Records from a collection:
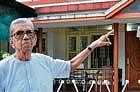 Mark Rodrigues pointing at a diffused bomb shell implanted on his compound wall in Alvares Road, Kadri.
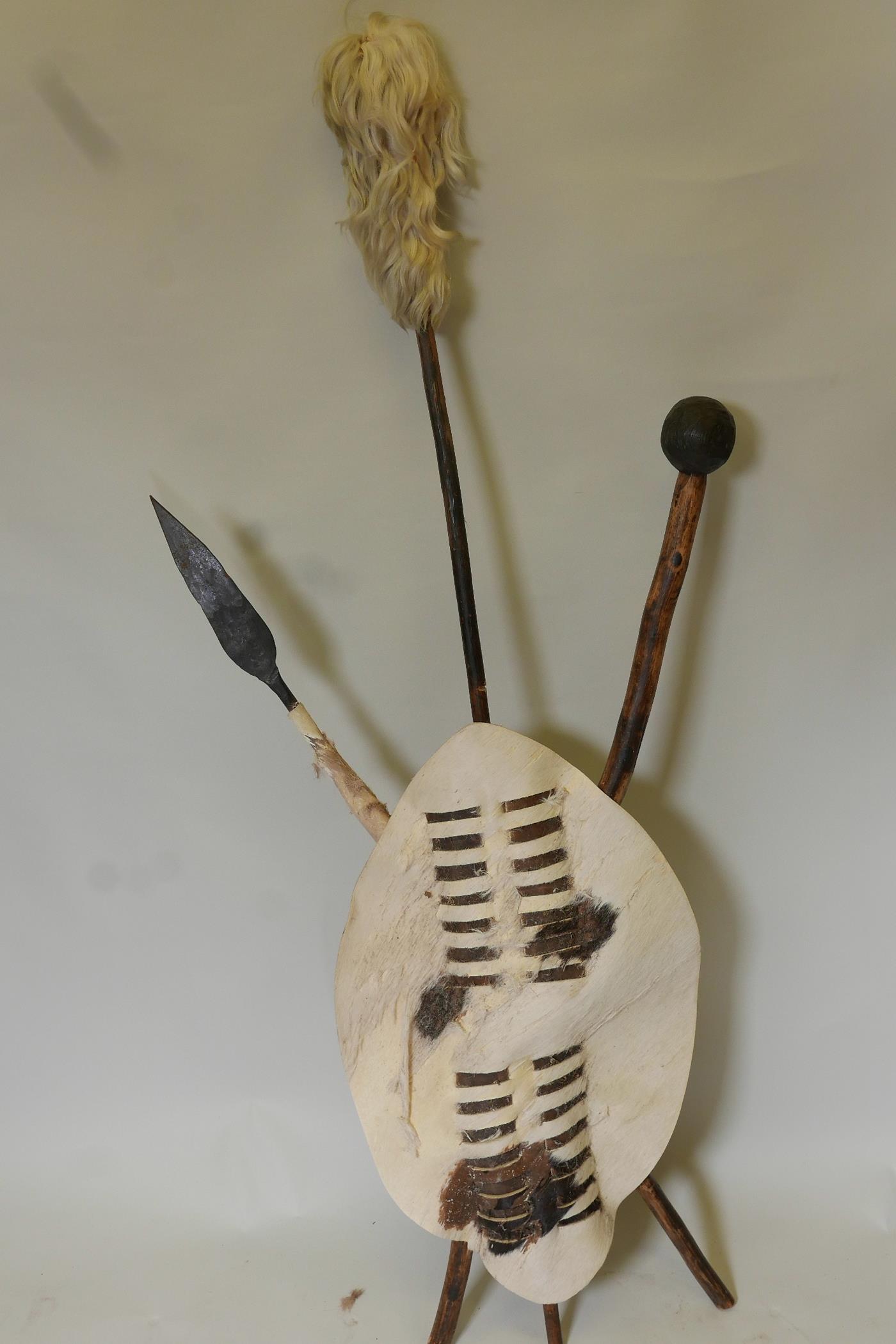 An African ceremonial display of leather shield with crossed club and spear, 7" long - Image 3 of 5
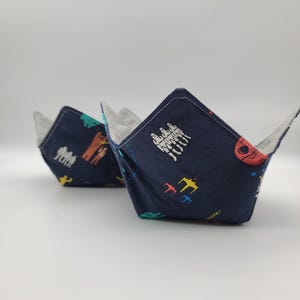May include: Two fabric bowl cozies featuring a dark navy blue exterior with a colorful repeating pattern of space-themed characters, starships, and red helmet icons. The interior of each bowl cozy is lined with a solid light gray fabric.
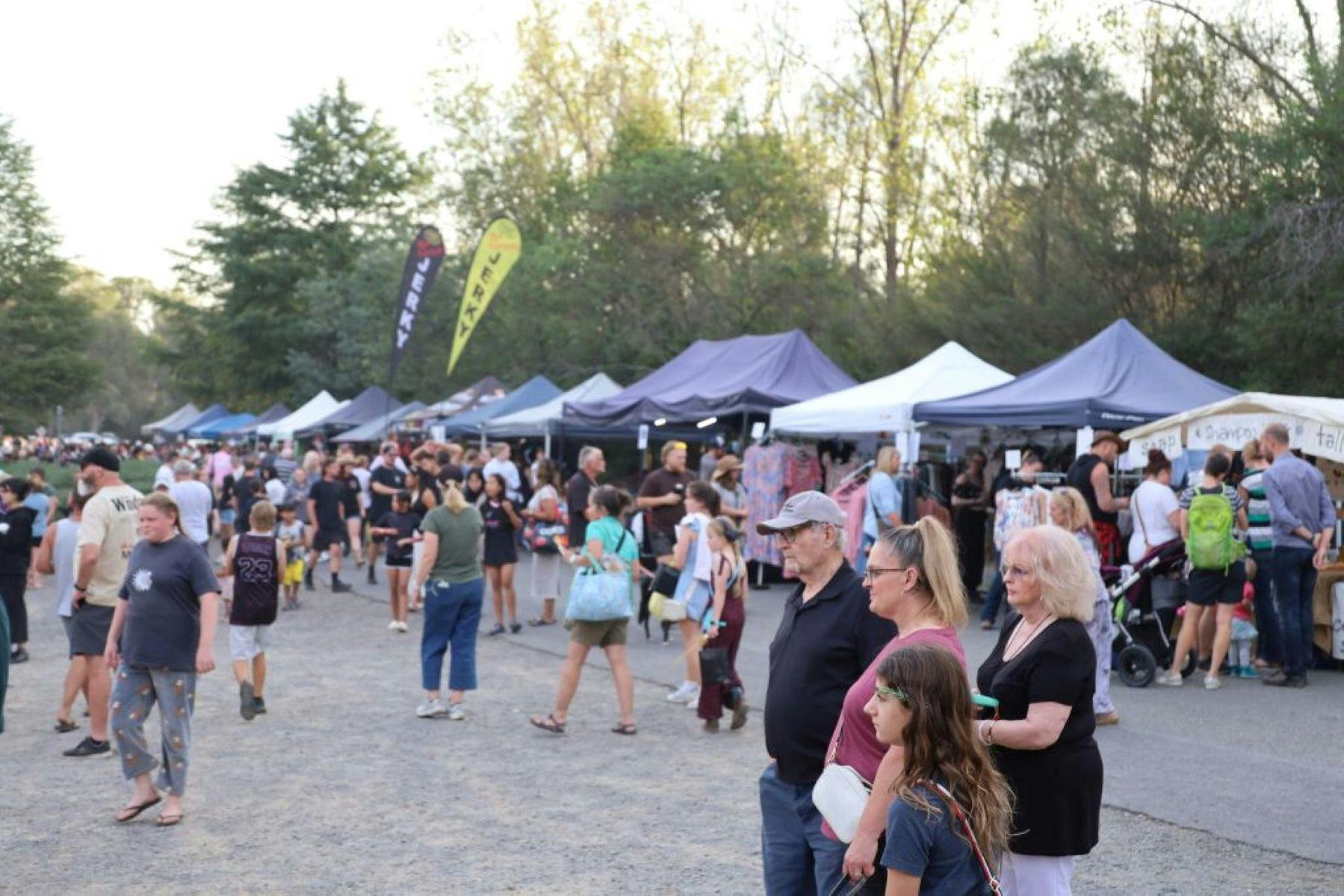 people walking around an open ground with market stalls with the trees in the background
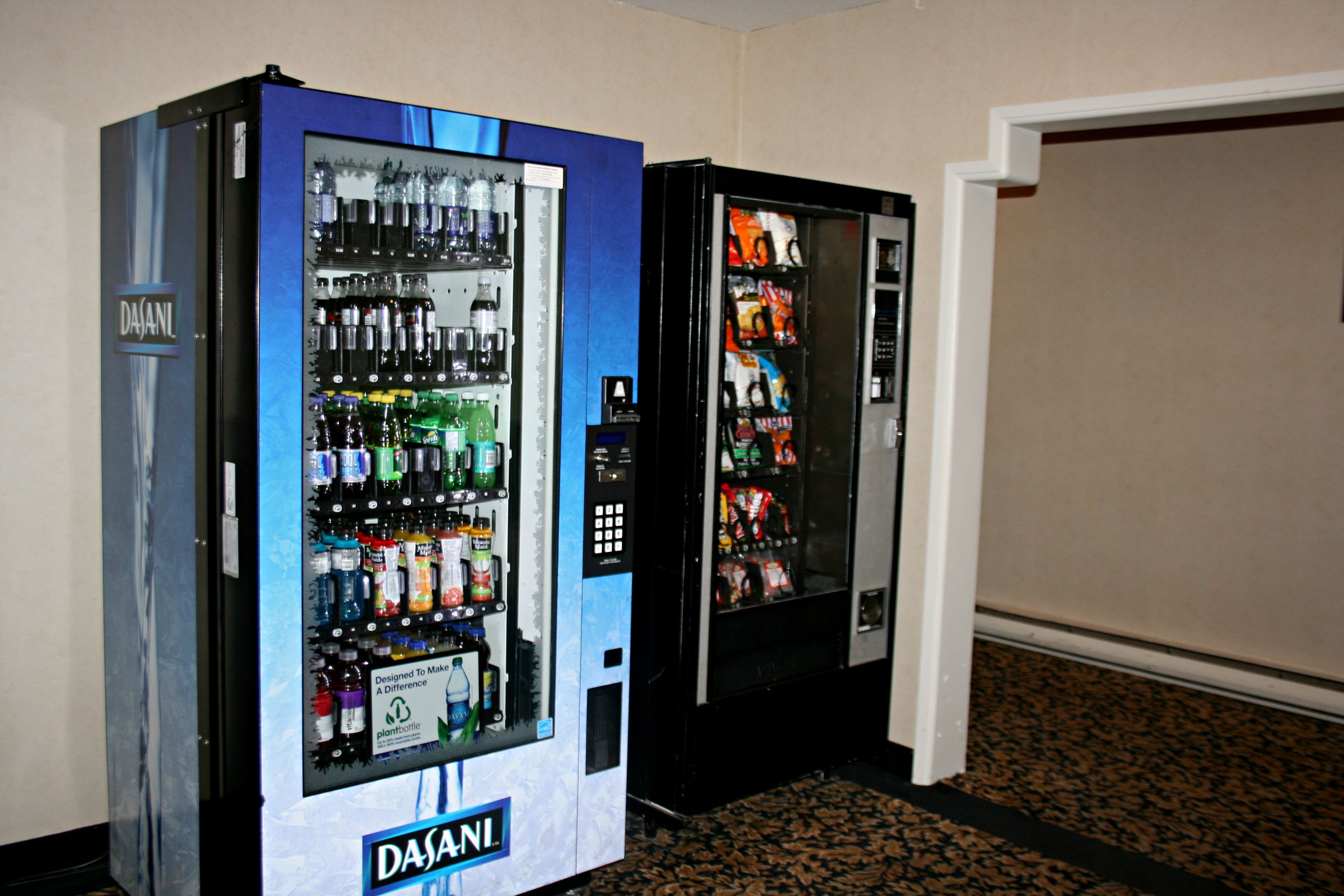 Two Dasani water vending machines in a hallway with a patterned carpet.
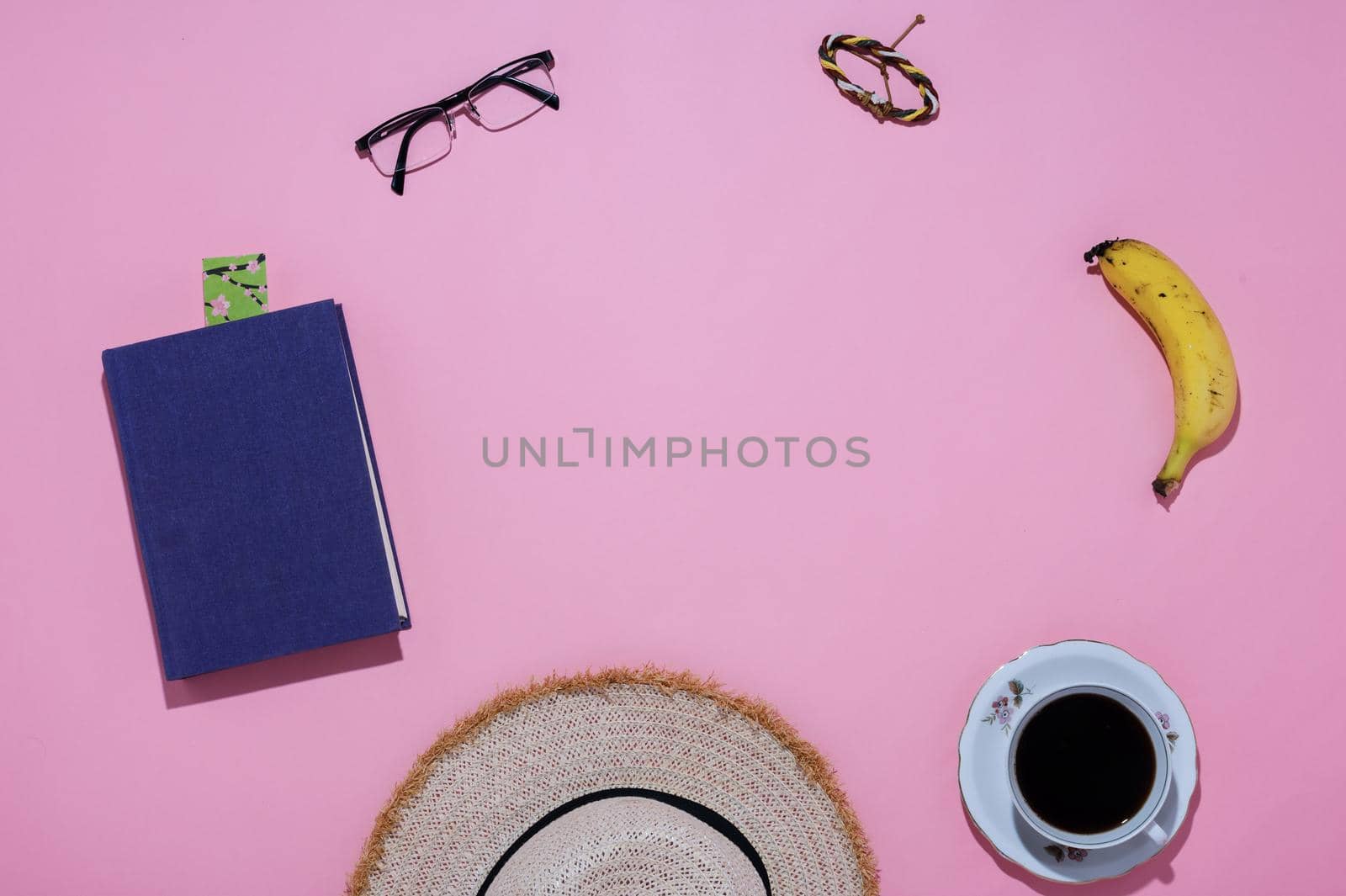 close-up of travelers' personal belongings pink background by ISRAFOTO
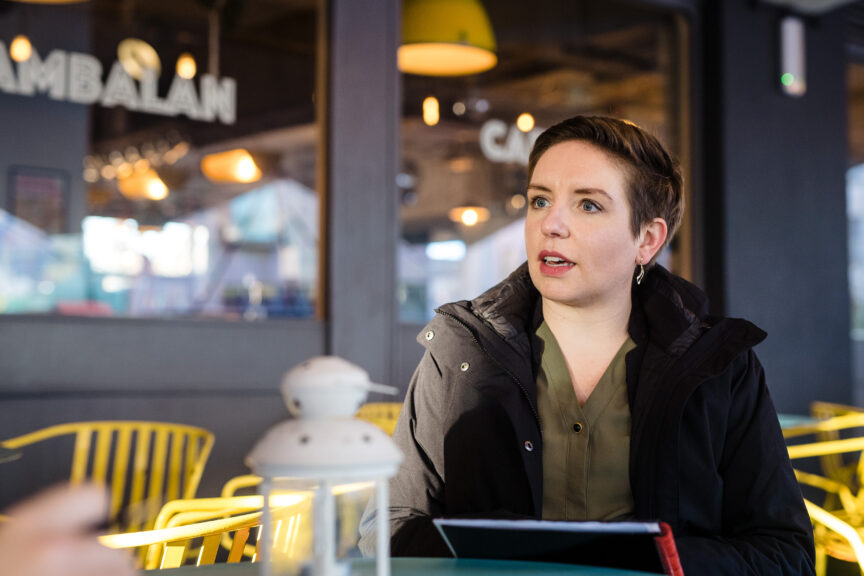 Green party co-leader Carla Denyer talking outside a cafe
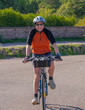 © Franck Legros - Mount St. Odile, France - 09 18 2019: A cyclist girl, after climbing by bike Mount Saint-Odile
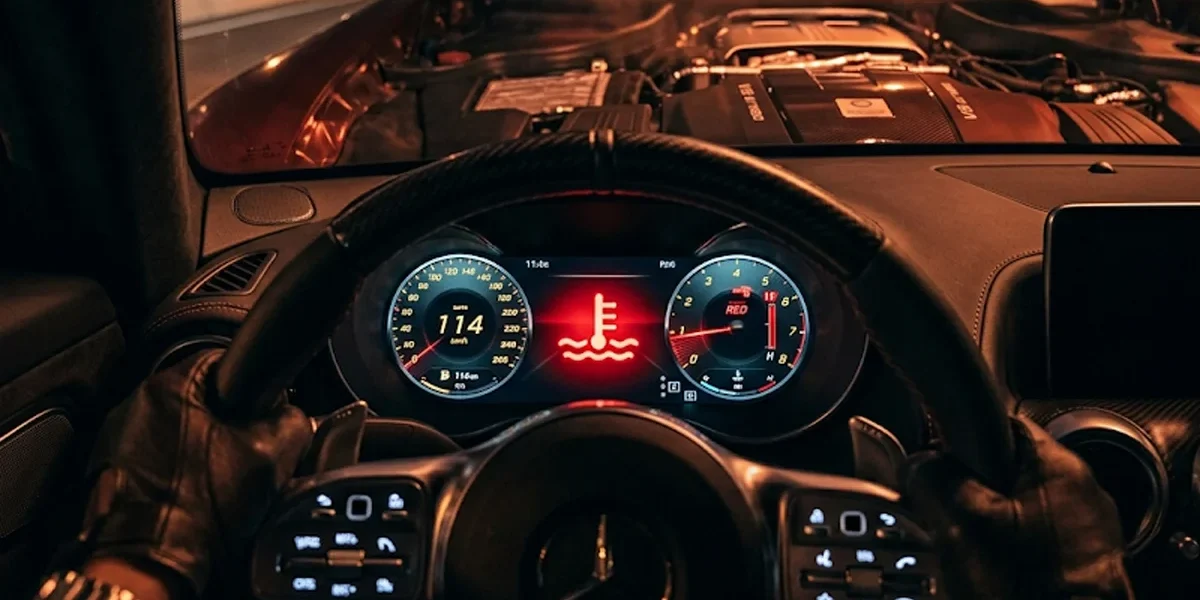 Foto detalhada do painel de instrumentos de um carro focado na luz vermelha de alerta de temperatura do motor acesa.
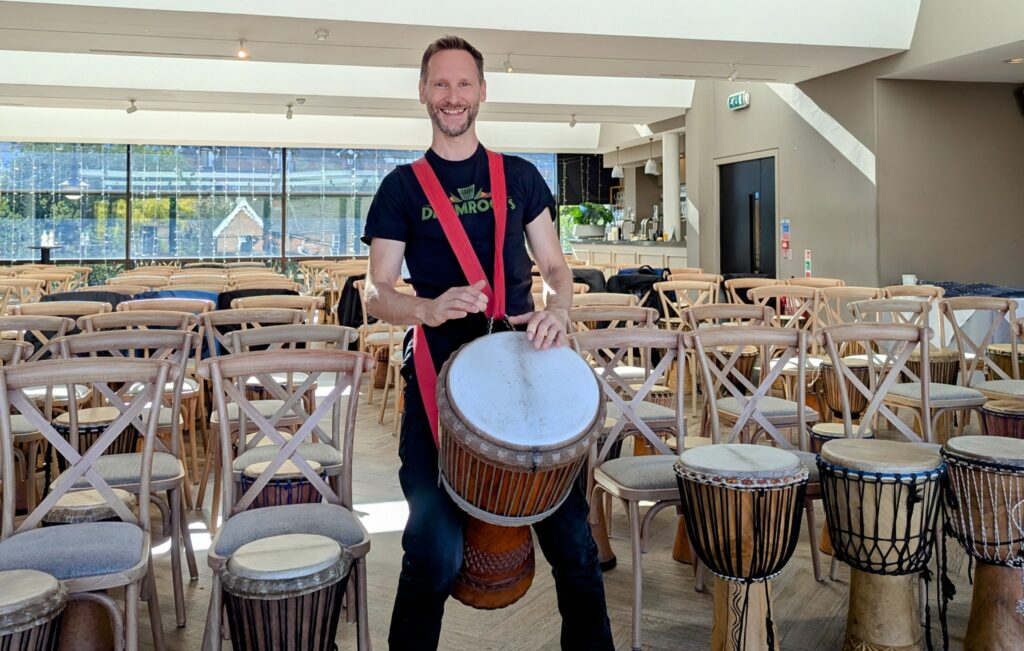 A man standing with an African drum held with a harnedd in front of many African drums in front of chairs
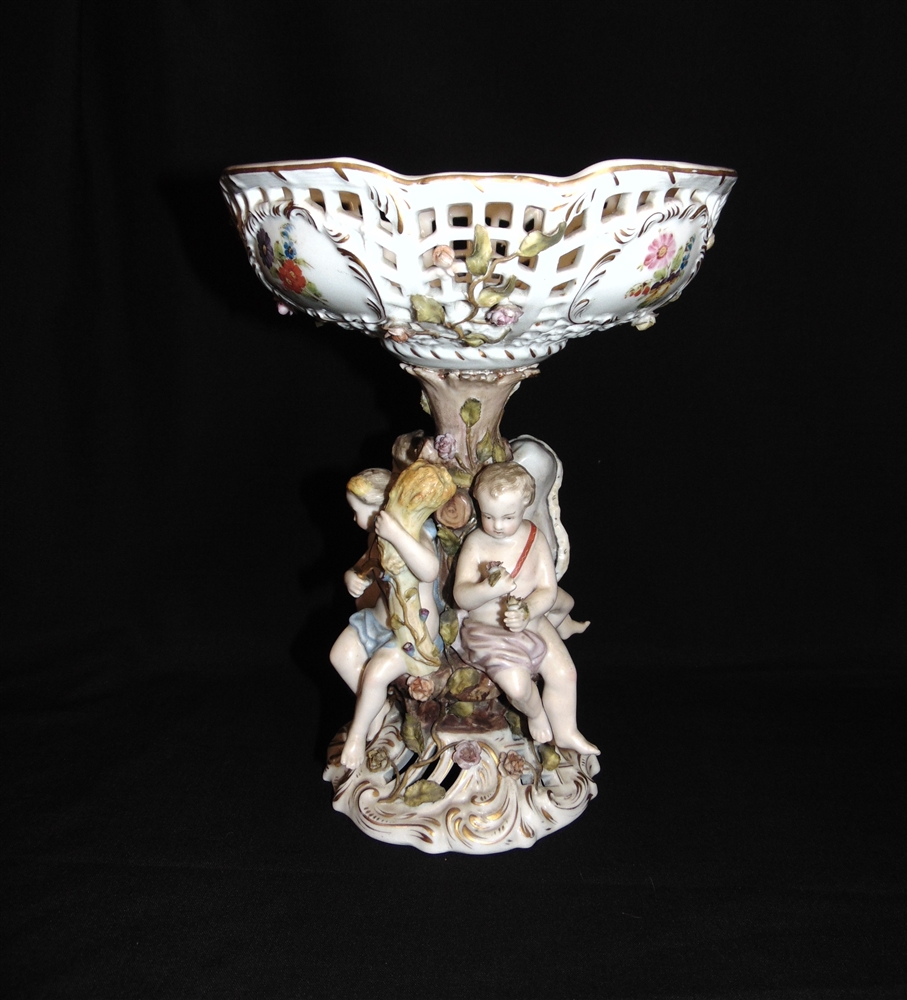 A CONTINENTAL SITZENDORF STYLE FIGURAL CENTREPIECE COMPORTE the pierced basket supported by four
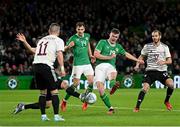 22 March 2023; Evan Ferguson of Republic of Ireland shoots to score his side's second goal during the international friendly match between Republic of Ireland and Latvia at Aviva Stadium in Dublin. Photo by Stephen McCarthy/Sportsfile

# Work instruction
The result should be a precise copy of all the entries, free of pictures.

# The completed task
 Mark Rodrigues pointing at a diffused bomb shell implanted on his compound wall in Alvares Road, Kadri.
 An African ceremonial display of leather shield with crossed club and spear, 7" long - Image 3 of 5
May include: Two fabric bowl cozies featuring a dark navy blue exterior with a colorful repeating pattern of space-themed characters, starships, and red helmet icons. The interior of each bowl cozy is lined with a solid light gray fabric.
 people walking around an open ground with market stalls with the trees in the background
 Two Dasani water vending machines in a hallway with a patterned carpet.
 close-up of travelers' personal belongings pink background by ISRAFOTO
 Green party co-leader Carla Denyer talking outside a cafe
 © Franck Legros - Mount St. Odile, France - 09 18 2019: A cyclist girl, after climbing by bike Mount Saint-Odile
 Foto detalhada do painel de instrumentos de um carro focado na luz vermelha de alerta de temperatura do motor acesa.
 A man standing with an African drum held with a harnedd in front of many African drums in front of chairs
 A CONTINENTAL SITZENDORF STYLE FIGURAL CENTREPIECE COMPORTE the pierced basket supported by four
 22 March 2023; Evan Ferguson of Republic of Ireland shoots to score his side's second goal during the international friendly match between Republic of Ireland and Latvia at Aviva Stadium in Dublin. Photo by Stephen McCarthy/Sportsfile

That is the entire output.